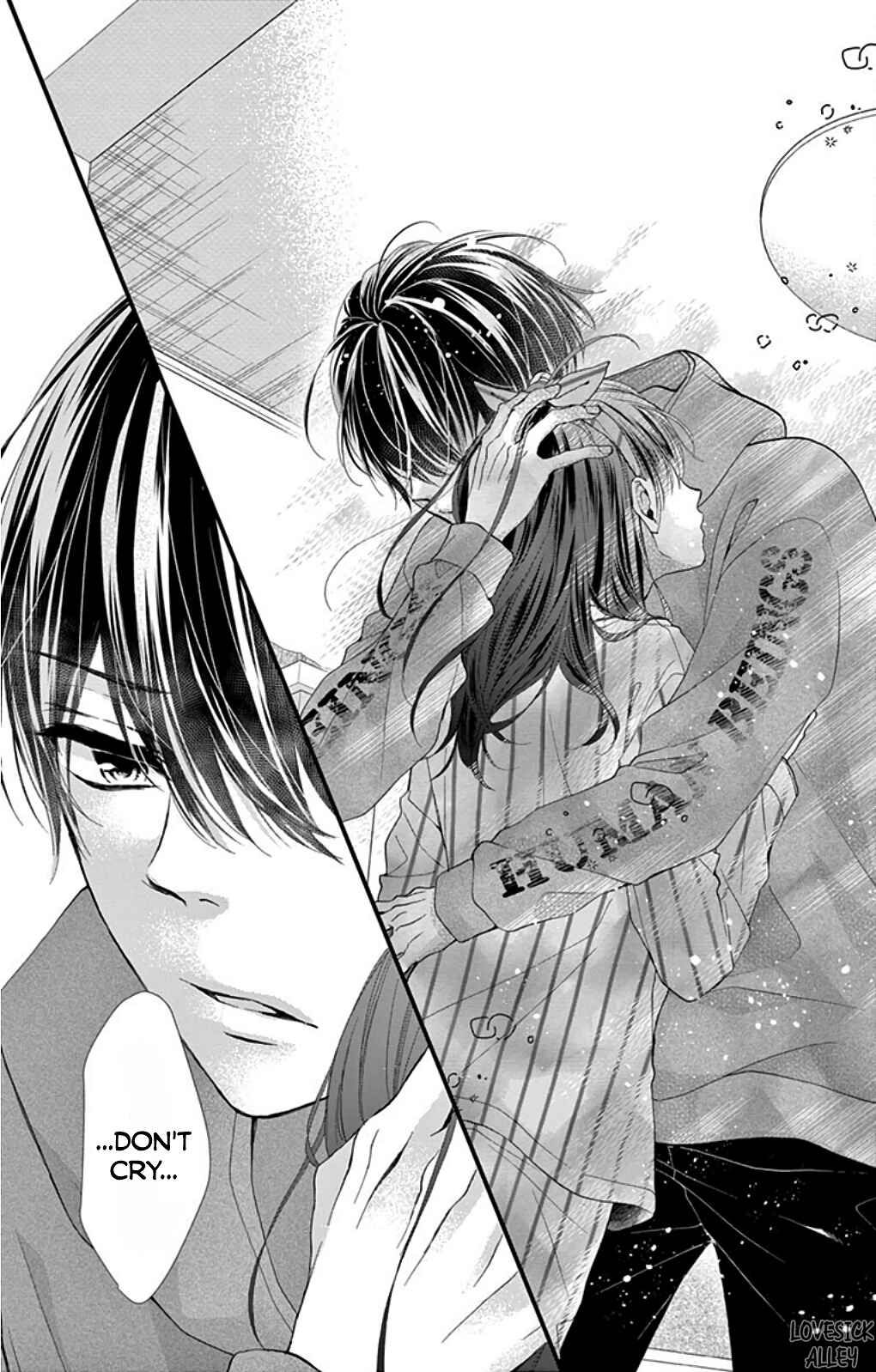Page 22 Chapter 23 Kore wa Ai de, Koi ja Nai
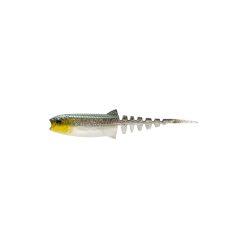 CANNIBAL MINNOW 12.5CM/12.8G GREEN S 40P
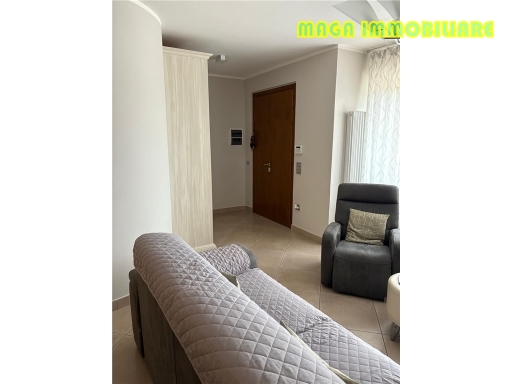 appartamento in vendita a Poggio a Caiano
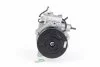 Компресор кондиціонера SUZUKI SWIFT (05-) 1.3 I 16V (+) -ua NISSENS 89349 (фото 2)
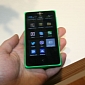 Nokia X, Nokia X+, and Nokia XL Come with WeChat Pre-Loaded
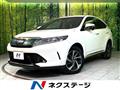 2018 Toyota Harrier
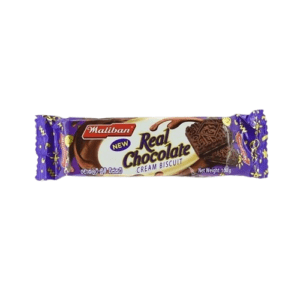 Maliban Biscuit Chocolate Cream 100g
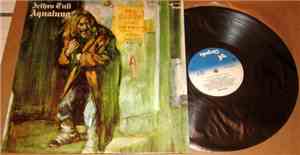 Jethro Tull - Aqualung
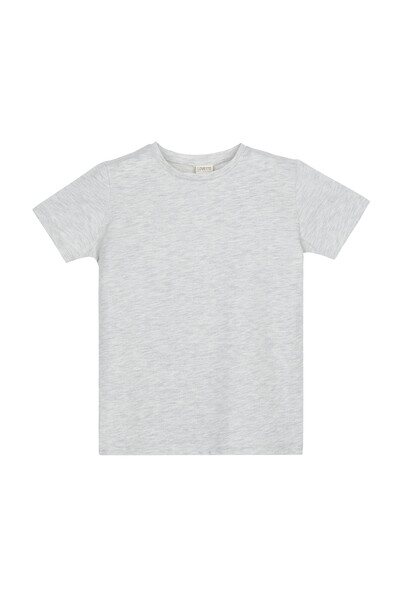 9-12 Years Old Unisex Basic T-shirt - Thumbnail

###

Reproduce each entry above word for word. Pictures are not part of the copy.

→ Task result:
Page 22 Chapter 23 Kore wa Ai de, Koi ja Nai
 CANNIBAL MINNOW 12.5CM/12.8G GREEN S 40P
 appartamento in vendita a Poggio a Caiano
 Компресор кондиціонера SUZUKI SWIFT (05-) 1.3 I 16V (+) -ua NISSENS 89349 (фото 2)
 Nokia X, Nokia X+, and Nokia XL Come with WeChat Pre-Loaded
 2018 Toyota Harrier
 Maliban Biscuit Chocolate Cream 100g
 Jethro Tull - Aqualung
 9-12 Years Old Unisex Basic T-shirt - Thumbnail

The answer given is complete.